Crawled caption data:
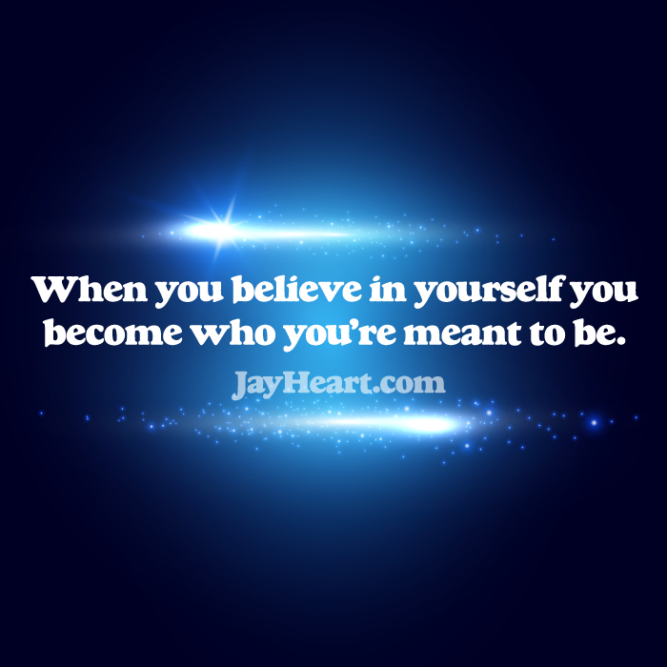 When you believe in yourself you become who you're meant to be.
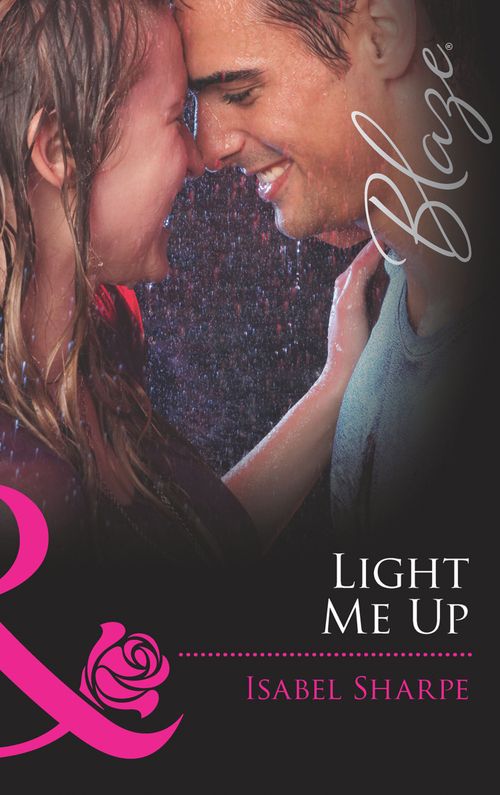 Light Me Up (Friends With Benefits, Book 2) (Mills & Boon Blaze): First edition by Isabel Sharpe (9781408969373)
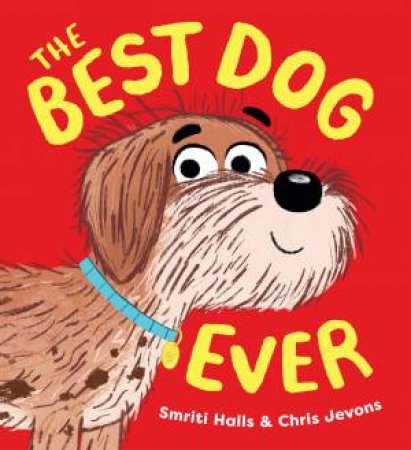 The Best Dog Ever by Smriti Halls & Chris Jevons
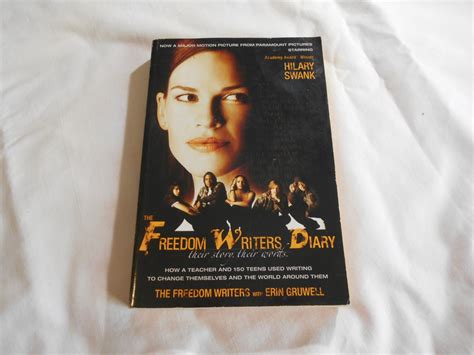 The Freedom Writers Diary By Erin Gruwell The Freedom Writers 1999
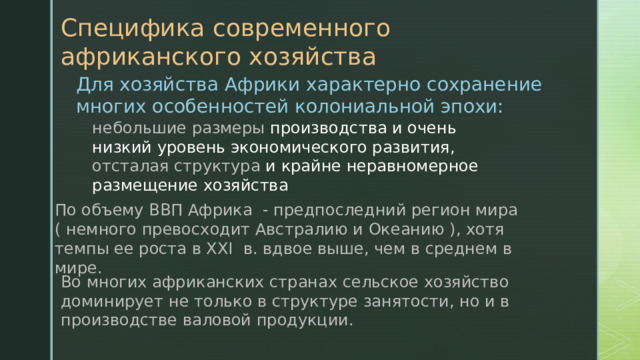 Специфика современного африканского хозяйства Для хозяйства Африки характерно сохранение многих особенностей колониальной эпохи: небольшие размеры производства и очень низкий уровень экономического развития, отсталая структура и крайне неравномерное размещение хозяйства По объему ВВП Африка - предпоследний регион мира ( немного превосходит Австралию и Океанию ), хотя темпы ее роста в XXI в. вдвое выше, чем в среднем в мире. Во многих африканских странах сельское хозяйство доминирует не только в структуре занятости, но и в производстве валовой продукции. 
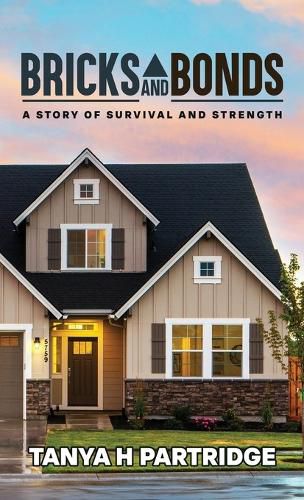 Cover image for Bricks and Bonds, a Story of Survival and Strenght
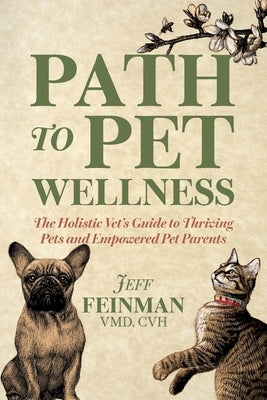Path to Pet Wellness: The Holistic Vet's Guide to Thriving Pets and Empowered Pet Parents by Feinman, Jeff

* _Problem requirements_:
Because only the text is wanted, copy each record above precisely and omit its pictures.

* _Your response_:
 When you believe in yourself you become who you're meant to be.
 Light Me Up (Friends With Benefits, Book 2) (Mills & Boon Blaze): First edition by Isabel Sharpe (9781408969373)
 The Best Dog Ever by Smriti Halls & Chris Jevons
 The Freedom Writers Diary By Erin Gruwell The Freedom Writers 1999
 Специфика современного африканского хозяйства Для хозяйства Африки характерно сохранение многих особенностей колониальной эпохи: небольшие размеры производства и очень низкий уровень экономического развития, отсталая структура и крайне неравномерное размещение хозяйства По объему ВВП Африка - предпоследний регион мира ( немного превосходит Австралию и Океанию ), хотя темпы ее роста в XXI в. вдвое выше, чем в среднем в мире. Во многих африканских странах сельское хозяйство доминирует не только в структуре занятости, но и в производстве валовой продукции. 
 Cover image for Bricks and Bonds, a Story of Survival and Strenght
Path to Pet Wellness: The Holistic Vet's Guide to Thriving Pets and Empowered Pet Parents by Feinman, Jeff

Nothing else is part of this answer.